Saturday, November 7, 2009

The Shadow Prooves the Sunshine

Something interesting occurred to me within the last few days. I'm not sure how it took me this long to realize this. Maybe it had something to do with listening to an old Death Cab for Cutie CD. Maybe it was the Coldstone strawberry ice cream I had tonight. Or just standing outside taking a break from an oddly busy week just to stare at the sunset that day. I'm curious about two things really: the honest thoughts of humanity and the ability to allow the little things to overwhelm us.

I know the three things I said before the two observations may not seem connected, but I'm getting to that. First the little things. Something as simple as planning your schedule after a long week can get you to the point of tearing your hair out. But even after those bad days/bad dreams, it seems that a little thing that we take joy in can momentarily take away all of the worries of the day like a nice warm shower. I don't know, something about the first bite of one of your favorite treats has an odd power over us. It lets us know that even after a test that had a question worth some weight that no one in the class was able to answer, we don't have to stay so infuriated. We are emotionally-compulsive beings, and thankfully it seems we just can't make up our minds for more than 5 minutes it seems. I actually think that our emotional-indecisiveness is more blessing than curse, simply because some emotions just aren't healthy over a long period of time.
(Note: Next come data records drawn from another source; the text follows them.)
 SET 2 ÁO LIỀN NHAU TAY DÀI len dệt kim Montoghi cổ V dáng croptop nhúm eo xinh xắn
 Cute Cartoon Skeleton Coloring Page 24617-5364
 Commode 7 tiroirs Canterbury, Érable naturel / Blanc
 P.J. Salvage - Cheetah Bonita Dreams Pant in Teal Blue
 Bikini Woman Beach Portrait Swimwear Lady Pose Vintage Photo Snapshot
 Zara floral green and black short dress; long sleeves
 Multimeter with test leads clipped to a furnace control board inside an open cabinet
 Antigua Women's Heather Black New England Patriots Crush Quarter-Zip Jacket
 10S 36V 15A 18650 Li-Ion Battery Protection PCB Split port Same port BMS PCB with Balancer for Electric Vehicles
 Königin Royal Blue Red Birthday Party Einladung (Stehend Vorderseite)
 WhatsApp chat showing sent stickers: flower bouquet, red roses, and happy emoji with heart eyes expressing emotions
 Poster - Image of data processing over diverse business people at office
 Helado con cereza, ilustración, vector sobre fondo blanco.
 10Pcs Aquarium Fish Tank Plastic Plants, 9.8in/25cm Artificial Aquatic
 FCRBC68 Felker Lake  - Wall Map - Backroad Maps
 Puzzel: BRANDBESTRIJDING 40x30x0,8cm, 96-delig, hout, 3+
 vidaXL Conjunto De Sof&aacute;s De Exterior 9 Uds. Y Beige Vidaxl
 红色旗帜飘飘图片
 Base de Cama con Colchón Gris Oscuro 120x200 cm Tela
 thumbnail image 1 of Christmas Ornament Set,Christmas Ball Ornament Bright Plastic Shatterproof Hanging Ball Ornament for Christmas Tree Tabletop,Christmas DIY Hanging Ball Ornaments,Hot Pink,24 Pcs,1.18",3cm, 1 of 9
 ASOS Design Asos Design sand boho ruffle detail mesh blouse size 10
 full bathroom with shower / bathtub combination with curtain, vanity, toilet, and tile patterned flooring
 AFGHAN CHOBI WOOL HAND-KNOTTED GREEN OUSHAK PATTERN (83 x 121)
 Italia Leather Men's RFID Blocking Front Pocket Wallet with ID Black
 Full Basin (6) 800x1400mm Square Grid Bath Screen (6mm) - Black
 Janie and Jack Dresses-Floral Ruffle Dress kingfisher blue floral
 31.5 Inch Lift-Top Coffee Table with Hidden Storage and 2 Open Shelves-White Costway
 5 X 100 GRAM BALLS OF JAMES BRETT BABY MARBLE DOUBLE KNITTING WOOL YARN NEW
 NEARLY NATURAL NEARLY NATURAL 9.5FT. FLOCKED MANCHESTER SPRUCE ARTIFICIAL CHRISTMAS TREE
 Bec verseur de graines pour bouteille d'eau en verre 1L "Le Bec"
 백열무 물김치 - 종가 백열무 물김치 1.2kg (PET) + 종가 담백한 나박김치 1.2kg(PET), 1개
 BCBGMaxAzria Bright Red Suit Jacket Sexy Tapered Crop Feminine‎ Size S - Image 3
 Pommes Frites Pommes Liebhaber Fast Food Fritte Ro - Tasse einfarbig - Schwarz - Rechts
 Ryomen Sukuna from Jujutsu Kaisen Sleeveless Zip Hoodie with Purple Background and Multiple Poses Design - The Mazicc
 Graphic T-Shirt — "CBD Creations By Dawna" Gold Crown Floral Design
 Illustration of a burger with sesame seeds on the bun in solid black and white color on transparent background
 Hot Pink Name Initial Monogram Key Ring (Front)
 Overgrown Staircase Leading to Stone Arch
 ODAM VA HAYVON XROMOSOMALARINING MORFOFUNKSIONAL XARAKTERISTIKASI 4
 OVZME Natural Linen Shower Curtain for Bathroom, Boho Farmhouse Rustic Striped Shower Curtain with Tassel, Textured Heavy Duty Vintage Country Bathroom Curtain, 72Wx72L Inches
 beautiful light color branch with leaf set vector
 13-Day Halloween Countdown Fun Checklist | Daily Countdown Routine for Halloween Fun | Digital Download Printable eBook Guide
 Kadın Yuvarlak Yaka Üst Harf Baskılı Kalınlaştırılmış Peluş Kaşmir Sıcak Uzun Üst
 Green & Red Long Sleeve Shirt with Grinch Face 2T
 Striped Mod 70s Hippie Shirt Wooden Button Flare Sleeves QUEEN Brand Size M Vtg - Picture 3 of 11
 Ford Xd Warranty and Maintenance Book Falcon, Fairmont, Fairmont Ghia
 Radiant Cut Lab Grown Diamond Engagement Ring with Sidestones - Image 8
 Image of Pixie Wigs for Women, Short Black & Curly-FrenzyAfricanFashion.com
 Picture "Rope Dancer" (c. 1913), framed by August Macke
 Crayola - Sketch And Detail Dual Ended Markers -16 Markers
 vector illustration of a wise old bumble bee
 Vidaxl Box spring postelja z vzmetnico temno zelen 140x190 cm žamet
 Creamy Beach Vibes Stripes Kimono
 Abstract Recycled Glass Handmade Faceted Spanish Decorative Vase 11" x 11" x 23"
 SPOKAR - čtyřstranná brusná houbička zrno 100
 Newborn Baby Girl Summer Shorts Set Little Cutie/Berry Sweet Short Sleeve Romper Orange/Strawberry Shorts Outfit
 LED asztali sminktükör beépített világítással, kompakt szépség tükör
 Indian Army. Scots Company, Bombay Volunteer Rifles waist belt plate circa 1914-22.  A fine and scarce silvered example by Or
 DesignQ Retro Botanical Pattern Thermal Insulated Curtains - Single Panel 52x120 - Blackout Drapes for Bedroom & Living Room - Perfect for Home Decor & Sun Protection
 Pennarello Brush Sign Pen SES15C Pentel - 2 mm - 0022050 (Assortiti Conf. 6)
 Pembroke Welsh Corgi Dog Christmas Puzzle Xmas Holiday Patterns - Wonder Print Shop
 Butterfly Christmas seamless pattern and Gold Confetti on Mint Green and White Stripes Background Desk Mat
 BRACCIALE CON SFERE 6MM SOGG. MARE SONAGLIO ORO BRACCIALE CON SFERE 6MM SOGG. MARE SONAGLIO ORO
Human honesty is an equally curious/strange/curious subject. Many of us know the right answers to questions of morality, and yet when put in situations of the same subject, you wonder if you can do what you said you would do. I was watching my school's production of Twelve Angry Jurors Friday, and I have this odd habit with plays and films. I almost instantly try to put myself in the world of the story. And what was frustrating to me this time around because although I love the play and simply from reading it I would instantly side with Juror 8 on the stance of Not Guilty, I found myself watching and genuinely thinking the boy in question was definitely guilty. It was only until Juror 11 was talking about how the old man/witness had an odd limp to his walk did I start to believe the boy was not guilty. I'm frustrated because for 30 minutes I believed it was fine to send a 16 year old boy to the electric chair. I know it's silly to think about since I knew the ending of the play before it happened, but I wondered what my actions would be if I was on a jury and had to decide if a person lived or died. This brought about an interesting view of my own judgement that I did not see before. I don't know, taking a step back to view your own morality and basically what makes you human is interesting is it not?

I don't necessarily feel as good about this post as I did the last time, but I hope that it was still something worthwhile to say. I'll try to post again Wednesday since it will be my only downtime/I will have done a special project I would like to talk about later. Until next time

Just JDR

1 comment:

  1. I listened to Death Cab for Cutie yesterday...it seems that the music is in the weather.